In questo san Giacomo è chiaro e performante.”Ascoltate, fratelli miei carissimi: Dio non ha forse scelto i poveri agli occhi del Mondo, che sono ricchi nella fede ed eredi del Regno?… A che serve, fratelli miei, se uno dice di avere la fede, ma non ha le opere? (Giacomo 2, 5 e 14). Quali sono queste opere? Il Vangelo di Matteo lo spiega con le parole di Gesù stesso, quando alla fine dei tempi ci sarà il giudizio (Matteo 25, 31-46).
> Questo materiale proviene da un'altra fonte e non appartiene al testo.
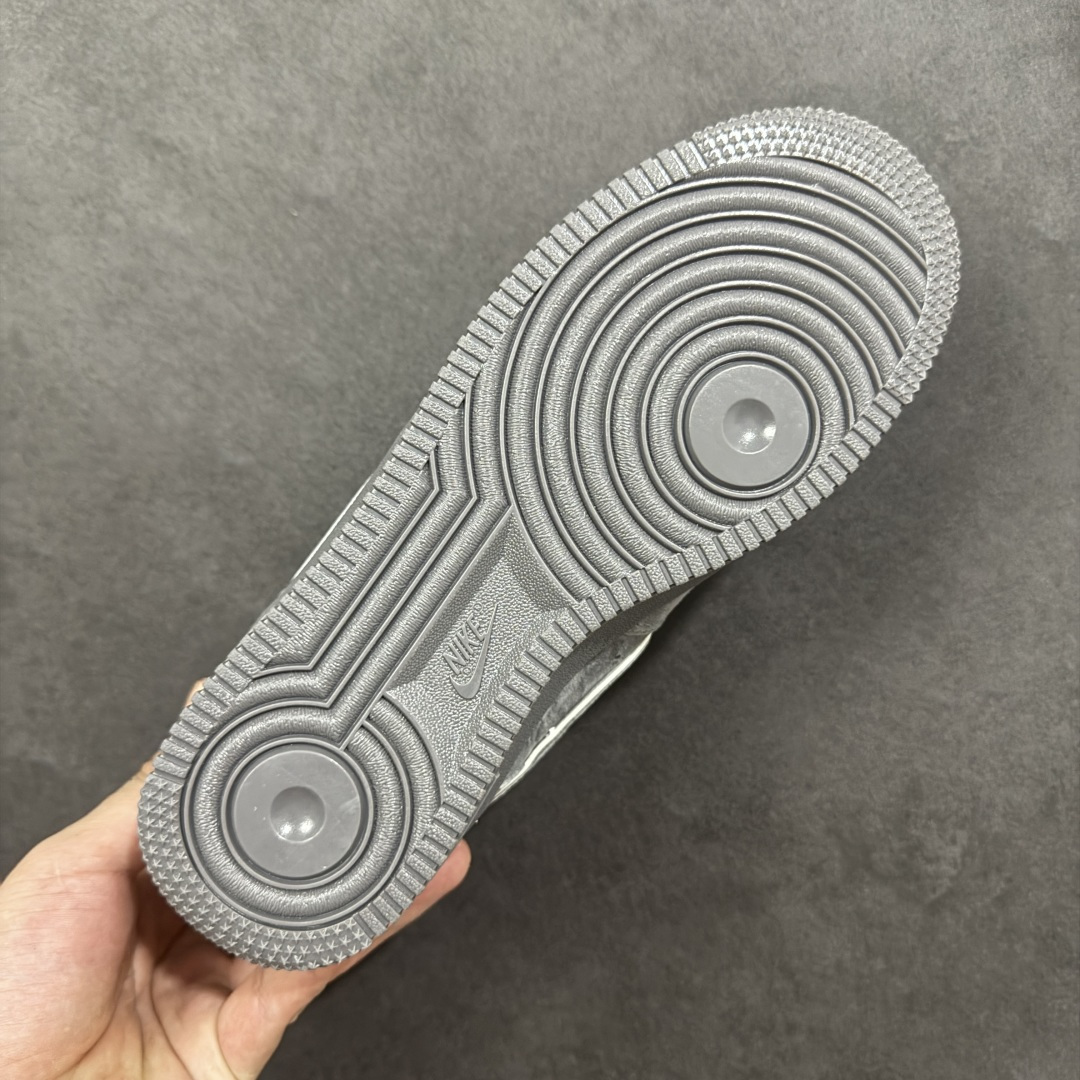 图片[9]-【定制版】Nike Air Force 1 \’07 Low “头层猪八拼接” 空军一号 高端定制 低帮 运动鞋 休闲鞋 折边针车 工艺难度大 原楦头原纸板 原装鞋盒 定制五金配件 内置全掌气垫 原厂鞋底 货号：DY9867-102 尺码：36 36.5 37.5 38 38.5 39 40 40.5 41 42 42.5 43 44 44.5 45 编码：HXSA250260-选品中心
Saremo giustificati infatti solamente se avremo fatto opere di carità, perché il povero, il sofferente, lo “scarto” dell’umanità, è proprio Gesù stesso.

San Daniele Comboni (1831-1881) sapeva benissimo che l’essenziale del Vangelo era la carità, anzi la verità del nostro messaggio dipendeva esclusivamente dalle opere giuste che noi siamo capaci di fare, sostenuti dallo Spirito di Gesù. Così scriveva a p. Giuseppe Sembianti, superiore del suo seminario di Verona, il 20 aprile 1881: “Quanto all’educazione religiosa, i nostri Missionari devono essere santi e capaci… Primo ‘santi’, ma non basta: ci vuole ‘carità’ che rende capaci i soggetti. La nostra Missione è così ardua e laboriosa che non tollera Missionari dal collo storto,… che non si curano della conversione delle anime… Bisogna accenderli di carità... che si manifesta con la vita…Tutto per guadagnare le anime degli Africani a Cristo, che è l’opera più difficile dell’Apostolato Cattolico”.